Nucleic Acid Sequences:
dna and RNA
Note: These web sites refer primarily to large collections
or major repositories. For a listing of genome and sequence information for
specific organisms, or groups, such as families—please go the Organisms page.
Other sequence resources are available on the Genomes page.
Entrez Nucleotides (GenBank; NCBI)
http://www.ncbi.nlm.nih.gov/entrez/query.fcgi?db=Nucleotide
Entrez
Nucleotides is a collection of sequences from several sources, including GenBank,
RefSeq, and PDB. GenBank is an annotated collection of all publicly available
nucleotide sequences and their protein translations. GenBank contains direct
submissions from individual laboratories and bulk submissions from large-scale
sequencing centers.
- Genbank at NCBI is part of an international collaboration
with the European Molecular Biology Laboratory (EMBL) Data Library (http://www.ebi.ac.uk/embl/)

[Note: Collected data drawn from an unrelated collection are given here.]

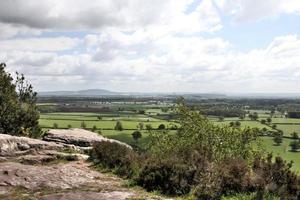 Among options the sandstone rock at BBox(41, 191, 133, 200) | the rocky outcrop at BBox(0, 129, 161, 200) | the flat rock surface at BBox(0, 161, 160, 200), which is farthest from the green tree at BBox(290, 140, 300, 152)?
the sandstone rock at BBox(41, 191, 133, 200)

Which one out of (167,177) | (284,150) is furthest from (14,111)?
(284,150)

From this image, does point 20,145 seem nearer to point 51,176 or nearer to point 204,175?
point 51,176

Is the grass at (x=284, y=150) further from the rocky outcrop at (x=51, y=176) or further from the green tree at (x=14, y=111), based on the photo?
the rocky outcrop at (x=51, y=176)

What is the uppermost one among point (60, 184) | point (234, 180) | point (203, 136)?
point (203, 136)

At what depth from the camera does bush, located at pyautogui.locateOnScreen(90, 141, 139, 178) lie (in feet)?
61.2

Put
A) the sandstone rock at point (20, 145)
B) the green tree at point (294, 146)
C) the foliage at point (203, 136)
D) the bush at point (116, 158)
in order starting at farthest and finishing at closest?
the green tree at point (294, 146)
the foliage at point (203, 136)
the sandstone rock at point (20, 145)
the bush at point (116, 158)

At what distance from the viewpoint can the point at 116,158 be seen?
66.2 ft

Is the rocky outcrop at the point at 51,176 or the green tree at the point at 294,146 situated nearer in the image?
the rocky outcrop at the point at 51,176

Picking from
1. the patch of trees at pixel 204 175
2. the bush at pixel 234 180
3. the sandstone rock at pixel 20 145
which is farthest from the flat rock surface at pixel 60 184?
the sandstone rock at pixel 20 145

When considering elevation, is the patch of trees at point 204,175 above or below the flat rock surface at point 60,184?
above

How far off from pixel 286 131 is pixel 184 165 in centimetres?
11950

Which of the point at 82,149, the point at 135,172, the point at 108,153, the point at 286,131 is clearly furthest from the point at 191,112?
the point at 286,131

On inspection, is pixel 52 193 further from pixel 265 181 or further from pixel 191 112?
pixel 191 112

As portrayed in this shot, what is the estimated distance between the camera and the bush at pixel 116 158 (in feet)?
61.2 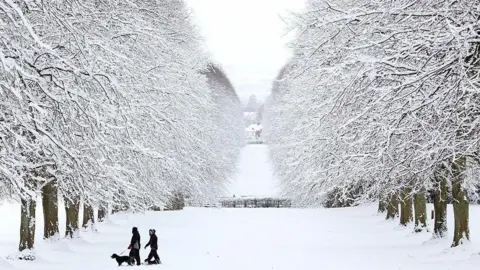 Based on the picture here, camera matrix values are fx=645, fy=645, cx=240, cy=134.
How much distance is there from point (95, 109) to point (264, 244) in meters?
11.5

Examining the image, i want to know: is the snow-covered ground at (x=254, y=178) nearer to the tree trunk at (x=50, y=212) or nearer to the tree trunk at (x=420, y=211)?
the tree trunk at (x=420, y=211)

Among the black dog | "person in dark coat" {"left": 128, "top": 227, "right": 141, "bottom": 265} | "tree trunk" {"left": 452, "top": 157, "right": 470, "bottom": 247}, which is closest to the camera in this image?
the black dog

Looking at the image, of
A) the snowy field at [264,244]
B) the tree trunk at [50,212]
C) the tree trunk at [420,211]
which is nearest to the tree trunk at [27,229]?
the snowy field at [264,244]

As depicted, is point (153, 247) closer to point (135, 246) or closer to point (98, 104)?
point (135, 246)

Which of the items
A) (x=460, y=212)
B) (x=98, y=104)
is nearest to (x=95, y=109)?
(x=98, y=104)

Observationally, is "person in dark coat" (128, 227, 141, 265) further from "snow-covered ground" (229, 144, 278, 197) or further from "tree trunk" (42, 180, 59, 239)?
"snow-covered ground" (229, 144, 278, 197)

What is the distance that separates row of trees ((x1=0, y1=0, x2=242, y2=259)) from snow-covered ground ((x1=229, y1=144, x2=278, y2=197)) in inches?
763

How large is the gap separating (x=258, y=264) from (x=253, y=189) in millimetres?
45290

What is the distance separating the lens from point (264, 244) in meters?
19.8

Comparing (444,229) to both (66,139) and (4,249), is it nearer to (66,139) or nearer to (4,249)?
(66,139)

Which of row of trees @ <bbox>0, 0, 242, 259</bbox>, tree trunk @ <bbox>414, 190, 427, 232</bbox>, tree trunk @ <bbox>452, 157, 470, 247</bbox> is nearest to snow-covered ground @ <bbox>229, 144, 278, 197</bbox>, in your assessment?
row of trees @ <bbox>0, 0, 242, 259</bbox>

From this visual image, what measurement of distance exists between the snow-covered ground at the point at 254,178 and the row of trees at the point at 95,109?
19.4 metres

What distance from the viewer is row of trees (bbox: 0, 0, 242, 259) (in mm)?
8156

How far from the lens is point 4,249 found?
20.2 metres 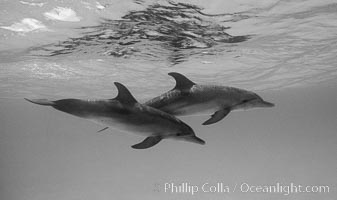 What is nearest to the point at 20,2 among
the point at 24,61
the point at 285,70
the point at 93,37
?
the point at 93,37

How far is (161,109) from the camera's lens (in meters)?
4.99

from the European Bioinformatics Institute (EBI) and the DNA Data Bank of
Japan (DDBJ; http://www.ddbj.nig.ac.jp/).
Each group collects a part of the total sequence data reported worldwide
and all new and updated entries are exchanged between the groups
daily.
- International Nucleotide Sequence Database Collaboration
http://www.ncbi.nlm.nih.gov/projects/collab/
GenBank,
along with partners DDBJ and EMBL, have launched www.insdc.org,
a site with information about the aims, policies, and projects of this collaboration.
EMBL Nucleotide Sequence Database
http://www.ebi.ac.uk/embl/index.html
EMBL
is Europe's primary nucleotide sequence resource and is one of three partners
maintaining comprehensive publicly available sequence databases. The main sources
for DNA and RNA sequences are direct submissions from individual researchers,
genome sequencing projects, and patent applications.
RefSeq (The Reference Sequence Collection; NCBI)
http://www.ncbi.nlm.nih.gov/RefSeq/
RefSeq provides a biologically non-redundant collection of DNA, RNA, and
protein sequences. Each sequence represents a single molecule from a specific
organism. Reference Sequences are manually curated and annotated to provide synthesis
of information (and sequence records), similar to a review article in the literature.
Each molecule is annotated with the organism name, gene symbol, informative protein
names when possible, and links to relevant information in other NCBI databases.
DoTS (Database Of Transcribed Sequences)
http://www.allgenes.org/index.html
DoTS
is a sequence index created from all publicly available human and mouse transcript
sequences. The project’s purpose is to integrate various types
of data (e.g., EST sequences, genomic sequence, expression data, functional
annotation) in a structured manner to facilitate access. Input sequences are
clustered and assembled to form DoTS Consensus Transcripts. The Transcripts
are extensively annotated and a significant number have been manually curated.